6 sheets of rice paper

100m coconut oil



250g peeled potatoes

100g spinach

2 tablespoons of coconut oil

¼ tsp turmeric

1 teaspoon ground coriander

1 ½ tsp mustard seeds

1 teaspoon brown sugar

Salt to taste

Cut potatoes into very large cubes and boil them in salted water until soft. Throw spinach on salted water for 10 seconds, drain off and squeeze. Warm up the oil in a frying pan with turmeric, coriander and mustard seeds. When the seeds begin to crack, add spinach, mashed potatoes, sugar and salt. Take it off the heat and mix thoroughly. Let it cool down.


Yogurt sauce:

3 tablespoons coconut yogurt

1 teaspoon lime juice

50g cashew nuts

a handful of finely chopped coriander.


Fry nuts on a hot, dry pan. Let it cool down and then crush it with the side of a knife. Mix with the rest of the sauce ingredients.


Coconut yogurt:

can of coconut milk

1 tablespoon yogurt

Heat the coconut milk to 35-40 degrees Celsius. Add the yogurt and mix thoroughly. You can use any yogurt – soy or dairy (not vegan version). Cover with a cloth and put in a warm place, e.g. under the radiator for 12-24 h depending on the acidity you want.

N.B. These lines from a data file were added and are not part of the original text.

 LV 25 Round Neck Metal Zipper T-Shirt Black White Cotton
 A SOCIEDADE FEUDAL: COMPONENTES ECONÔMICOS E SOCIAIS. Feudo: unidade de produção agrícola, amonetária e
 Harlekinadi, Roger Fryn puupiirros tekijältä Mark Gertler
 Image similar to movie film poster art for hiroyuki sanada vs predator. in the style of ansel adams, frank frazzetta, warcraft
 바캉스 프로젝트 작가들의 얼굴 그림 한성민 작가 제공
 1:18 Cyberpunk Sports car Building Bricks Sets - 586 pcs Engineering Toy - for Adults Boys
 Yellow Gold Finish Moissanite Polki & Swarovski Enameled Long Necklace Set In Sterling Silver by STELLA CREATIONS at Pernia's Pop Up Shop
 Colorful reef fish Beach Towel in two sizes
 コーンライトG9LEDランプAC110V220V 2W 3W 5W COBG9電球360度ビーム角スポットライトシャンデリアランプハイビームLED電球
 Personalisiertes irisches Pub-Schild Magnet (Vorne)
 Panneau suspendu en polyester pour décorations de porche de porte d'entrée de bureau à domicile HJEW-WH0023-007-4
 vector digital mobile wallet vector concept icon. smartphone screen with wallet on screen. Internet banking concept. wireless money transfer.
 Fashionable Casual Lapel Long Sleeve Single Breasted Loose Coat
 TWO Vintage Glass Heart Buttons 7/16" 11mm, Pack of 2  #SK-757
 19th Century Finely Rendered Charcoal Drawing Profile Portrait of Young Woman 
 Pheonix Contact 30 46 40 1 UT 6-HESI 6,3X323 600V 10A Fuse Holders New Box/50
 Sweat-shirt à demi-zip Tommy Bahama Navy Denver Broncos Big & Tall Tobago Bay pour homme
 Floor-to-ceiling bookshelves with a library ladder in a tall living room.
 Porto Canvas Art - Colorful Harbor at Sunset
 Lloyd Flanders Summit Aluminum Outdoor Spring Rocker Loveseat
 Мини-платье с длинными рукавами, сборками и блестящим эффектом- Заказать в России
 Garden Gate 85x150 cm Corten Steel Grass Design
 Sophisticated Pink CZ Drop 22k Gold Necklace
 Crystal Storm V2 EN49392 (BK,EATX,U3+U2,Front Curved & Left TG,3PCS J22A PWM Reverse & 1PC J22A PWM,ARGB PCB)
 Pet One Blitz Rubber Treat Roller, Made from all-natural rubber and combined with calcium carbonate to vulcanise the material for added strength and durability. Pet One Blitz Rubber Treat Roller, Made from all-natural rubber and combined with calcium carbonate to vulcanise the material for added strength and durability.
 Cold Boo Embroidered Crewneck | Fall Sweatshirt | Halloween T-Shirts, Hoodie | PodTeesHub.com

Put a moist kitchen cloth on the kitchen counter. Immerse a rice paper in a bowl of cold water and put it on the cloth. Repeat the same with the second sheet and put it on first. Put between them 1/3 of the filling and wrap the sides into a form of a closed envelope. Do the same with the rest of the rice papers. Fry in hot coconut oil until golden brown. Serve with yogurt sauce.